START Data for analysis
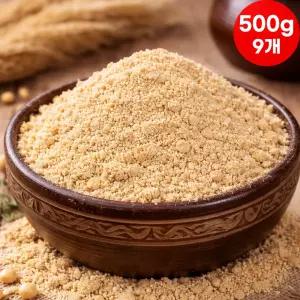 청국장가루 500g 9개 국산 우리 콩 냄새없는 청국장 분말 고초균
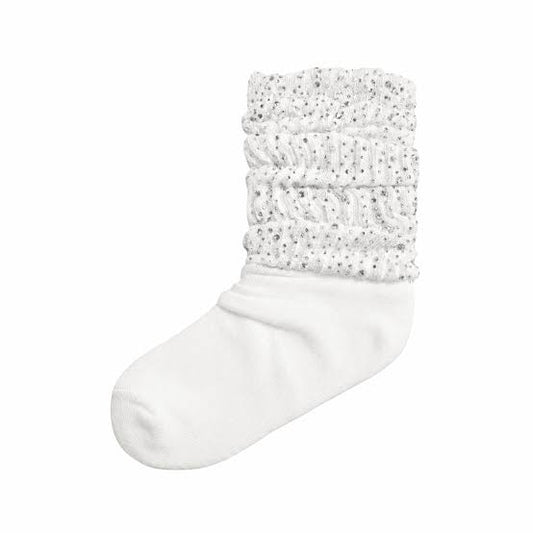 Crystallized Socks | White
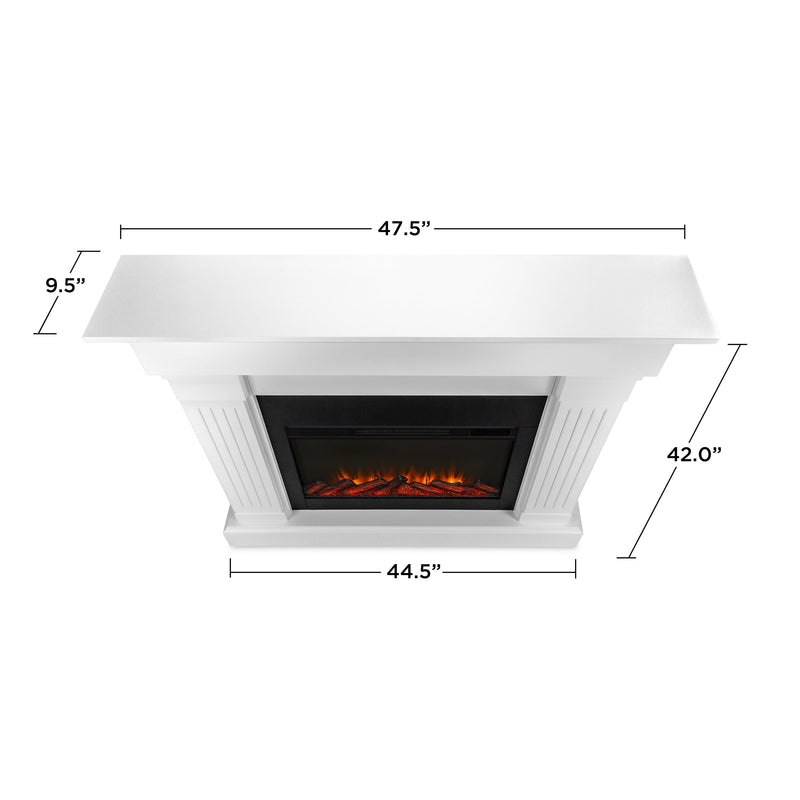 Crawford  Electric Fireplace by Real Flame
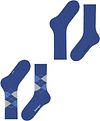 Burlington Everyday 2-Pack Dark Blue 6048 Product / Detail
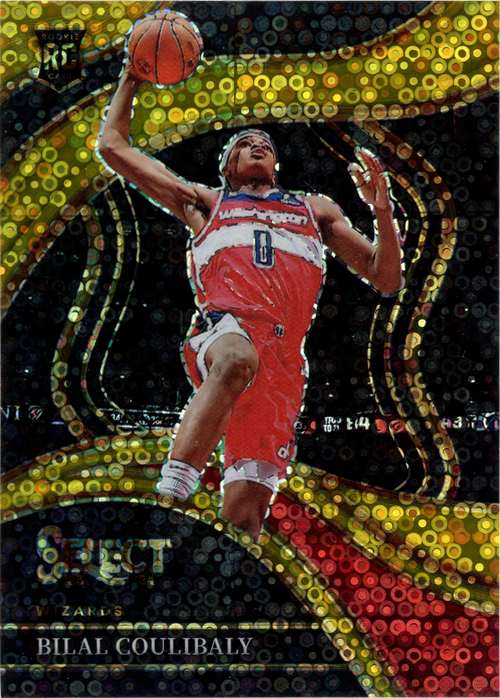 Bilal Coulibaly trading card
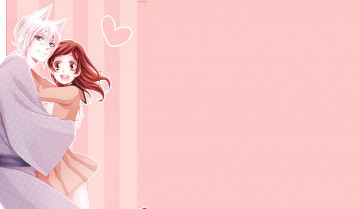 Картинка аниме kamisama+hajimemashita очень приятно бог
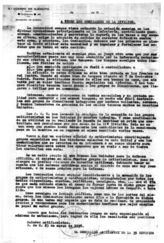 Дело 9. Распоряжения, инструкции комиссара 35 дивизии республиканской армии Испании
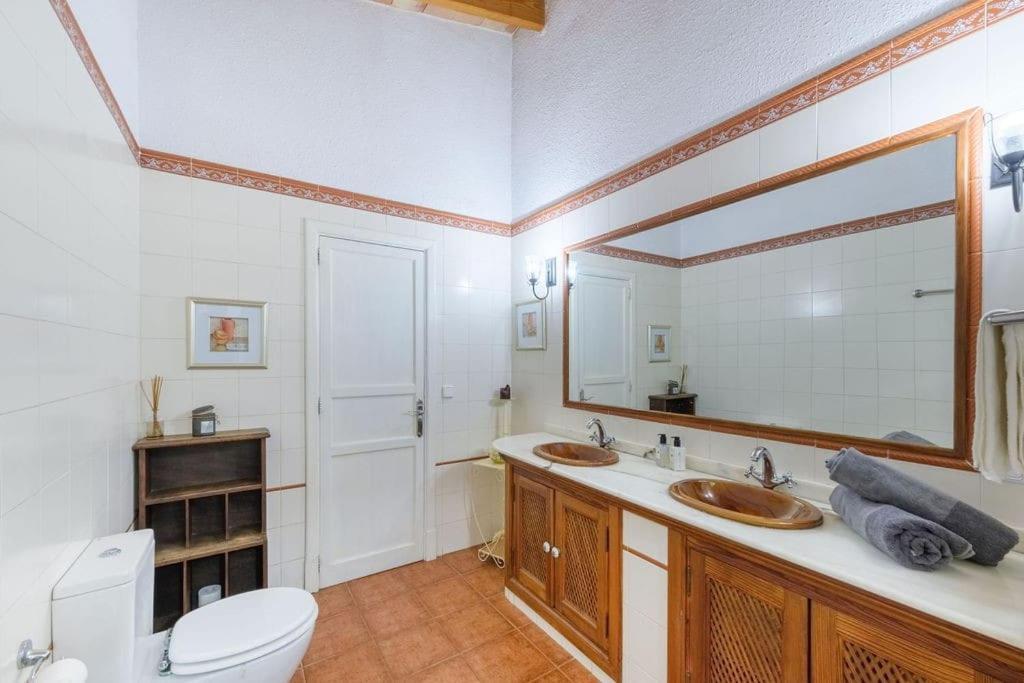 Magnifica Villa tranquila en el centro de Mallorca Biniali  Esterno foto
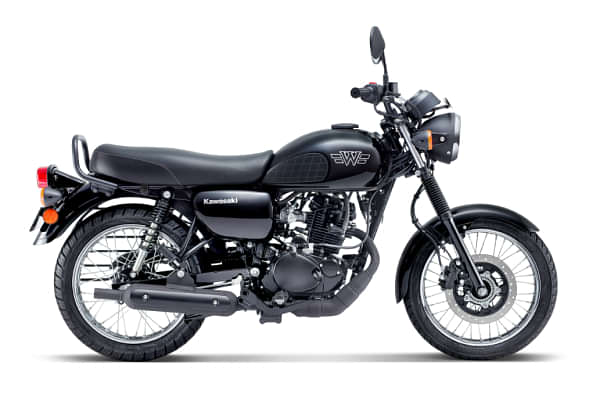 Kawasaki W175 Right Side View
END Data for analysis
Exclude the pictures and give back the rest of the data above exactly as written.

 청국장가루 500g 9개 국산 우리 콩 냄새없는 청국장 분말 고초균
 Crystallized Socks | White
 Crawford  Electric Fireplace by Real Flame
 Burlington Everyday 2-Pack Dark Blue 6048 Product / Detail
 Bilal Coulibaly trading card
 Картинка аниме kamisama+hajimemashita очень приятно бог
 Дело 9. Распоряжения, инструкции комиссара 35 дивизии республиканской армии Испании
 Magnifica Villa tranquila en el centro de Mallorca Biniali  Esterno foto
 Kawasaki W175 Right Side View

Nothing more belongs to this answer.